调试了两天,一边理解神经网络模型,一边在matlab上实现。刚刚终于调试通了minst手写体识别的简单神经网络。识别度不高,破机子也跑不起来太大规模的神经网络。就选了三层神经网络。
昨天晚上调通了之后只要隐含层的节点增大,就会偶尔出现过早拟合的问题。早上起来,把权值的初始化改小了之后,发现不会出现过早拟合的问题啦。当然这个参数初始化也是有讲究的,对于这个问题我也就采用了随意初始化。
当然不管是matlab还是python都有机器学习相关的包,但是如果想要深入理解神经网络模型的执行过程,我们还是需要自己手动实现的。当然关于数学优化的问题我是使用的ng之前提到过的minfunc函数。自己应该比较蛋疼。。。
初始化权值
initialWeight函数
function [stack] = initialWeight(H)
%input:
% H ,储存每层的节点个数
%output:
% stack - 储存各层权值信息
%the number of layers;
n = size(H,1);
stack = cell(1,n-1);
for i =1:n-1
stack{i}.w = rand(H(i+1),H(i))*0.001;
stack{i}.b = zeros(H(i+1),1);
end
列向量转化
param2stack
function [stack] = param2stack(param,H)
%
% Argument:
% param - is the colume vector of all the weights and bias;
% H - is the number of each layer unit except the bias unit
% Output:
% stack.w - is a cell data structure,and store the weights of all unit
% except the bias unit.w{1} means the first layer weights.
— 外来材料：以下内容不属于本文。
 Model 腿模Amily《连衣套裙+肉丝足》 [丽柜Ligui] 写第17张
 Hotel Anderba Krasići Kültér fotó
% stack.b - is a cell data structure,and store the weight of bias
% unit. b{1} means the first weights of the first bias unit.
% Functional:
% transfer the colume weight vector to the cell data structure.
%calculate the dimenstion of layer numbers.
n = size(H,1);
%initial the data struct;
stack=cell(1,n-1);
j=0;
for i=1:n-1
stack{i}.b=param(j+1:j+H(i+1),1);
j=j+H(i+1);
stack{i}.w=reshape(param(j+1:j+H(i)*H(i+1)),[],H(i));
j=j+H(i)*H(i+1);
end
参数矩阵转化为列向量
stack2param
function [param] = stack2param(stack,H)
%
% Argument:
% H - is the number of each layer unit except the bias unit
% param.w - is a cell data structure,and store the weights of all unit
% except the bias unit.w{1} means the first layer weights.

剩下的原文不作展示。